Где же и в чем здесь элементы мистификации, спросит читатель. А вот в чем: писателя Е. Хамар-Дабанова (по названию горы в Сибири) не существовало. Под этим псевдоандронимом (так называют мужское имя, служащее псевдонимом для женщины) скрывалась Екатерина Петровна Лачинова, урожденная Шелашникова, жена служившего на Кавказе генерал-майора, а значит, и свидетельница описанных событий. Вот почему приведенное выше письмо шефа жандармов оканчивалось следующей фразой: «Его величеству угодно было повелеть учредить полицейский надзор над сочинительницей Лачиновой».
Писательница обратилась к шефу жандармов с письмом, в котором пыталась отклонить обвинение в разглашении военной тайны, в наличии соучастников и пр. Она писала: «Я вас уверяю, любезный граф, что никто не участвовал в моем труде, и если я использовала несколько заметок об экспедициях, данных мне двумя офицерами, один из коих позднее погиб на дуэли, а другой как храбрец на поле боя, то все-таки никто из них не участвовал в моем труде».

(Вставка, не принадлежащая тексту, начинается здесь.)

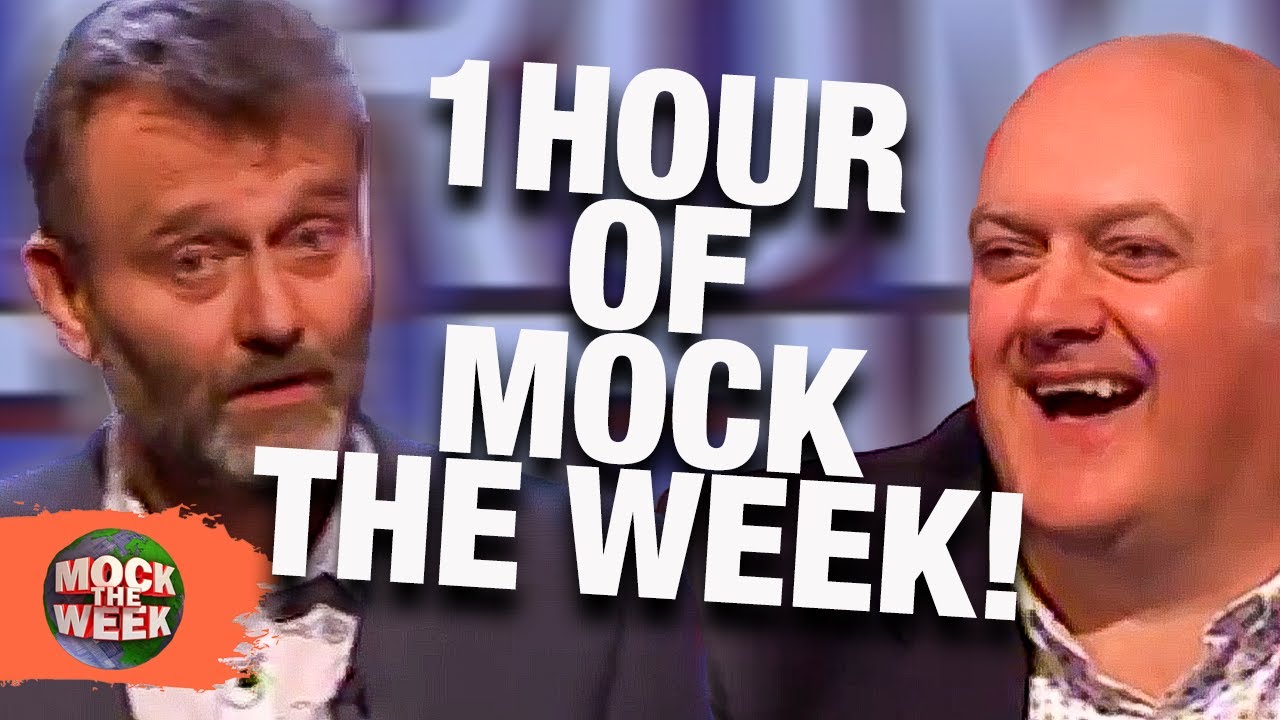 Mock The Week S18: 1 Hour of Dream Scenes 😂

Дело оказывается значительно сложнее, чем кажется с первого взгляда. И разобраться в нем можно только узнав, кого имеет в виду Лачинова в этих двух офицерах. Предположение об этом делалось еще в 1901 году в газете «Кавказ». Специальную статью в книге «Кавказские этюды» (Тифлис, 1901) посвятил роману Е. Г. Вейденбаум, который предполагал, что в одном из героев романа под фамилией Пустогородов выведен брат мужа писательницы — Евдоким Емельянович Лачинов, прапорщик, декабрист, разжалованный и сосланный на Кавказ. О декабристах в то время писать вообще запрещалось, даже под другой фамилией.

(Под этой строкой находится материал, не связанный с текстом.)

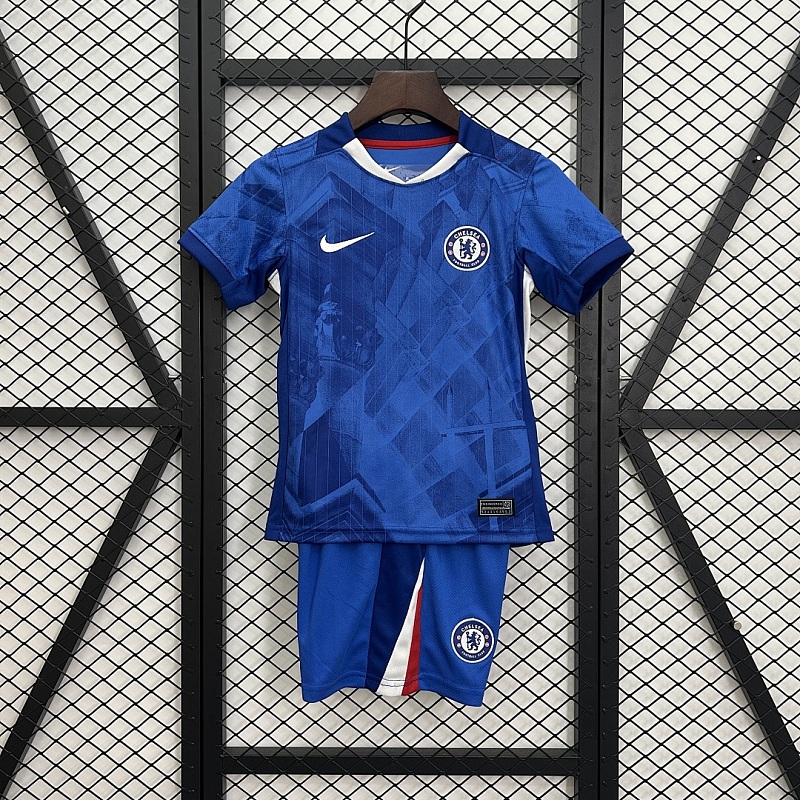 Chelsea 25/26 kids Chelsea home size 16-28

Но вот в наше время А. Титов в статье, напечатанной в журнале «Русская литература» (1959, № 3), раскрыл имена обоих офицеров — Лермонтов и Бестужев. Маски, под которыми скрыла их писательница, оказались снятыми.
Почему Лермонтов? Да потому, что в романе действует его окружение — тот же Голицын (князь Галицкий), участвовавший с ним в бою при Валерике в июле 1840 года, Грушницкий (адъютант) — лермонтовский герои, восстановленный писательницей в своем романе, и другие.
Почему Бестужев? Здесь на помощь исследователю приходят письма декабриста А. Бестужева к его брату Павлу, датированные 1837 годом, в которых он рассказывает о своей связи с генеральшей Л…вой, писательницей, появившейся в Тифлисе в 1836 году («Она без ума от любви ко мне»). Конечно, эта Л…ва — писательница Лачинова, приехавшая в Тифлис в 1836 году.
У Прасковьи Бестужевой было два сына: Александр и Павел. У Прасковьи Пустогородовой в романе Лачиновой их тоже двое. Один из них, разжалованный в солдаты и сосланный на Кавказ за участие в политическом заговоре, Пустогородов — это и есть Александр Бестужев-Марлинский, декабрист, писатель, погибший в бою у Адлера в 1837 году.
Статья А. Титова называется «А. Бестужев — герой забытого романа». В данном случае, так же как и в «Селе Михайловском» у Миклашевич, имела место литературная конспирация, попытка обмануть царскую цензуру и запечатлеть образ декабриста в художественном произведении.
Романы, сочиненные дамами, имели разную судьбу. Роман Миклашевич не пропускался цензурою в течение тридцати лет и вышел в свет, когда острота его притупилась. Роман Лачиновой был пропущен сразу, но сразу же был и изъят. Цель, которую ставил автор — донести до читателей образ декабриста, была достигнута только по появлении статьи А. Титова, то есть сто двадцать лет спустя после написания романа.